11Cela posé, Schoenberg ne reprend la conception romantique du « génie » que dans les années 1911, au moment où il compose La Main heureuse. C’est ce dont témoignent non seulement les textes cités, mais également le livret de cette œuvre, écrit par le musicien lui-même. Soulignons la référence à Wagner : tel Siegfried réussissant sans jamais avoir appris, grâce à un don inexplicable, là où Mime a échoué malgré tous ses efforts, l’Homme forge spontanément et avec une belle facilité des bijoux là où les autres apparaissent comme des besogneux. L’intuition et l’intelligence s’opposent encore en 1911, et le génie, conformément au mythe romantique, apparaît comme un homme solitaire mal-aimé et malheureux, inspiré par des forces qu’il ne maîtrise ni ne comprend, et qui ne saurait trouver de repos dans sa tâche infinie – la création.

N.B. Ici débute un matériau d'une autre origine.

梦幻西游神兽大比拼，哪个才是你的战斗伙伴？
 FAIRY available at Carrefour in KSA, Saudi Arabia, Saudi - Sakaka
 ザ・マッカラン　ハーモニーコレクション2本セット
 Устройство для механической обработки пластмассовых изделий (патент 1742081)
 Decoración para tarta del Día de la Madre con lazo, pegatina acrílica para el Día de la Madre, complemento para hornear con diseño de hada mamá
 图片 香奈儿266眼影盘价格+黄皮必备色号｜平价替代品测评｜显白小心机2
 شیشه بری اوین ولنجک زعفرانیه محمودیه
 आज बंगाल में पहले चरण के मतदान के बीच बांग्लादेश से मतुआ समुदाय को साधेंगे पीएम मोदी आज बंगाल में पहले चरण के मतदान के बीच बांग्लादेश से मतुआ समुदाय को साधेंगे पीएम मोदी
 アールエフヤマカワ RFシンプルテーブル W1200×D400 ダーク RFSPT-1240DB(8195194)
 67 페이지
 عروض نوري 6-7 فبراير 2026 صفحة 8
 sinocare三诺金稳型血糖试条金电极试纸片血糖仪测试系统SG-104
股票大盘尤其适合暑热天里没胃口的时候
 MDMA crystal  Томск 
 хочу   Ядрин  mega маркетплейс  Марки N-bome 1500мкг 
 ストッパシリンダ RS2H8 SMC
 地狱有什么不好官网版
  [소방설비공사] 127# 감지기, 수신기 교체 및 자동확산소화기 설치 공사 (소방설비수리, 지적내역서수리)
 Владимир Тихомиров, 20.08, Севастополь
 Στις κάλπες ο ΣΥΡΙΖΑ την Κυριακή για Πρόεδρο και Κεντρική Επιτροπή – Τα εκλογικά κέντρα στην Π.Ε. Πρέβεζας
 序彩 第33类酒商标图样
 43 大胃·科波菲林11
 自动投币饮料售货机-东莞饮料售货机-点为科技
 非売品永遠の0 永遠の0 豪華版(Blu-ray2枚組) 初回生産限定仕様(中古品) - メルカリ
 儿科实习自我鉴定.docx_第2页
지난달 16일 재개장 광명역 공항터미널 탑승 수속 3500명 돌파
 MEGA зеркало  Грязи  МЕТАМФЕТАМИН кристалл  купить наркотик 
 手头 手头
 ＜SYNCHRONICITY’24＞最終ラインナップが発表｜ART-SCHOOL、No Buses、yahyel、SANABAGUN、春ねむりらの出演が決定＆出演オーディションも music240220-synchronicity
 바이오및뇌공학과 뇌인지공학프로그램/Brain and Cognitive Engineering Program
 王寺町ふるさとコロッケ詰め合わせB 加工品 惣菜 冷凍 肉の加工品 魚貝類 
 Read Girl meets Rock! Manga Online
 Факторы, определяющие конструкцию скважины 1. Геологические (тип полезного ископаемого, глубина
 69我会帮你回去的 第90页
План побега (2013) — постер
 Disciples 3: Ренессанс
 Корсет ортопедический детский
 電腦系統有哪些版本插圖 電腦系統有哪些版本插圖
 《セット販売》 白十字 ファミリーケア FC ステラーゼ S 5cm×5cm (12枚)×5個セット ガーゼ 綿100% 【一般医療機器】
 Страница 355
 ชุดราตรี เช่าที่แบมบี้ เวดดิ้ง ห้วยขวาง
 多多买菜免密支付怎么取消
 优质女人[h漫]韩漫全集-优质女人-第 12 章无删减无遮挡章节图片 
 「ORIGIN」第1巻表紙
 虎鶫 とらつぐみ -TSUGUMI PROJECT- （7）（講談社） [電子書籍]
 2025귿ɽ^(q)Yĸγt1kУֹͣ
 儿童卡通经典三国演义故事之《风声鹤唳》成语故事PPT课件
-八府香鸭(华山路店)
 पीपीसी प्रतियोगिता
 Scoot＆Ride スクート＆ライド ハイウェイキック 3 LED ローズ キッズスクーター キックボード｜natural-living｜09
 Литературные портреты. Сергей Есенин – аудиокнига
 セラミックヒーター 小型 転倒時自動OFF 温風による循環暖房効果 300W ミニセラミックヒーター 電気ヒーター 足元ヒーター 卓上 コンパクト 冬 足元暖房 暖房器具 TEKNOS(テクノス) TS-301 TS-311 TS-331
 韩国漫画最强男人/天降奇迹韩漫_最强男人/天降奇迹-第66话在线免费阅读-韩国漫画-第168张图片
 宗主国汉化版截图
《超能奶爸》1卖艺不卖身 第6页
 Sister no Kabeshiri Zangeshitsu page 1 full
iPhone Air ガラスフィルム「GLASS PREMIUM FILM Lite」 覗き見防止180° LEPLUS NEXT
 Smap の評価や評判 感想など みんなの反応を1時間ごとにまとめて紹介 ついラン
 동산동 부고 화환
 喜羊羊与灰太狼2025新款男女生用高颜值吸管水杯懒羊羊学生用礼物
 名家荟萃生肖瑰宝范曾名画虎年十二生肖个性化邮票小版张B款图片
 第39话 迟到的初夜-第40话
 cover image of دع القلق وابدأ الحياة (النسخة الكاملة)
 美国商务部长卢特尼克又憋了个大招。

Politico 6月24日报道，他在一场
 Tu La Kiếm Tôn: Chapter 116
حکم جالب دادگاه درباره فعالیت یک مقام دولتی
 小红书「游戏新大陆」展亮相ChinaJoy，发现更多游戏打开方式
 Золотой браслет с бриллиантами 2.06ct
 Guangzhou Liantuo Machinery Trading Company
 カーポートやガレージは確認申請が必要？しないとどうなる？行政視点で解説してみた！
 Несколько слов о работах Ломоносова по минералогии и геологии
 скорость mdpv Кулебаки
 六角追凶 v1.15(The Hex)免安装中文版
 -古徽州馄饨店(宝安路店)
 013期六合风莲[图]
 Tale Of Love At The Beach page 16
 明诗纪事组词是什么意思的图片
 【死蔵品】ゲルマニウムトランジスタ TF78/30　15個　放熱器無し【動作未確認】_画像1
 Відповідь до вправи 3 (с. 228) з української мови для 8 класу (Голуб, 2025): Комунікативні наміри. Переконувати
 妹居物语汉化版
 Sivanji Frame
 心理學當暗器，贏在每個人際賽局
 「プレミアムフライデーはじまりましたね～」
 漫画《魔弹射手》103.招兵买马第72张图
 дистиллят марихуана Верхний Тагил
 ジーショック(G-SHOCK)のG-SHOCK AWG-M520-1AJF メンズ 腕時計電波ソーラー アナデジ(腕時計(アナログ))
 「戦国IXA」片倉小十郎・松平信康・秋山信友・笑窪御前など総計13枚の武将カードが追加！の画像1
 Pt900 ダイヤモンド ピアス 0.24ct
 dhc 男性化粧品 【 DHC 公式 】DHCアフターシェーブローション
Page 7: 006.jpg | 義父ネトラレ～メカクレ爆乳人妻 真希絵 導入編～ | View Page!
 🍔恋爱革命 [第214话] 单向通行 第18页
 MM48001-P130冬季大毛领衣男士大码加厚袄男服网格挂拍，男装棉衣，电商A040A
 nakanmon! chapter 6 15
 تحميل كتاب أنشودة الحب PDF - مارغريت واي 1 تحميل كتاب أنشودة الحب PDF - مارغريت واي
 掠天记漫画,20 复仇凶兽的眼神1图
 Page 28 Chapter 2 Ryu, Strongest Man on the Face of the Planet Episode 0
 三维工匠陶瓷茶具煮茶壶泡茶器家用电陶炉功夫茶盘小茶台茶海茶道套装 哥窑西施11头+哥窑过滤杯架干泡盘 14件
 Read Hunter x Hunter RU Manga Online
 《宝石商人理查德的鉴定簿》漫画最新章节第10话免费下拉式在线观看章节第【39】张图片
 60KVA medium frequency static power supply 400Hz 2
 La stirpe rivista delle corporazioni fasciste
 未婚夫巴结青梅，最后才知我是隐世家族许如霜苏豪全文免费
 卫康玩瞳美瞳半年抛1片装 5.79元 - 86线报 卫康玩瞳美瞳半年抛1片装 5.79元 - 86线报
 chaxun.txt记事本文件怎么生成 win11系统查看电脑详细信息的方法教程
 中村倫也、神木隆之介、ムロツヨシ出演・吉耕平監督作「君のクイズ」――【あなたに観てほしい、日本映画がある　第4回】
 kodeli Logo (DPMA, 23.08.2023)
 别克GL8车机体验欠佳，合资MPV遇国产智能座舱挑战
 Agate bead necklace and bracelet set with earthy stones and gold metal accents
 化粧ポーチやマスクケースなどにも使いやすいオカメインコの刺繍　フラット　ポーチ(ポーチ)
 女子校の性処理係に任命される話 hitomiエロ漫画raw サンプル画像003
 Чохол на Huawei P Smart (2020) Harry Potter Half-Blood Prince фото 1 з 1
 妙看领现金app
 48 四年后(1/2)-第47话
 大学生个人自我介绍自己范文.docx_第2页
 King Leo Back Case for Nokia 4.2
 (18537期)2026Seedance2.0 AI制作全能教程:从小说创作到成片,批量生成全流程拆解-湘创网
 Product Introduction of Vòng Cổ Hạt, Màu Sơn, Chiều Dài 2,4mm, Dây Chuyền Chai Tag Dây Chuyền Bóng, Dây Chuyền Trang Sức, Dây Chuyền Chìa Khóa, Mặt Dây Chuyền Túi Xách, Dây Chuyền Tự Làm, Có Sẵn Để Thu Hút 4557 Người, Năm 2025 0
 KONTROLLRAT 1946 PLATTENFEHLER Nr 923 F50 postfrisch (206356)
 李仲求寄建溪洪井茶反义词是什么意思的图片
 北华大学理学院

12Par la suite, l’activité artistique n’est plus pour Schoenberg le fruit d’une inspiration irréductible à toute pensée rationnelle. Certes, le musicien, constatant la manière dont les autres musiciens et lui-même procèdent, soutient que l’artiste ne peut commencer à créer avec la conscience claire et la connaissance précise de ce qu’il va faire : il ne sait pas, avant de composer ni même au moment où il compose, l’ordre qu’il est en train de créer. Autrement dit : si l’artiste part bien d’un projet, celui-ci reste indéterminé et ne constitue qu’une impulsion de départ qui suscite le processus de la création. Le projet se transforme progressivement au cours de l’activité créatrice et ne surgit qu’à la fin, une fois l’œuvre achevée, aux yeux du créateur14. Schoenberg souligne que, lorsqu’il a mis en musique les poèmes de Stefan George, il s’est aperçu une fois l’œuvre achevée qu’il avait fait quelque chose de totalement différent de ses œuvres précédentes, sans en avoir pourtant au commencement le dessein15.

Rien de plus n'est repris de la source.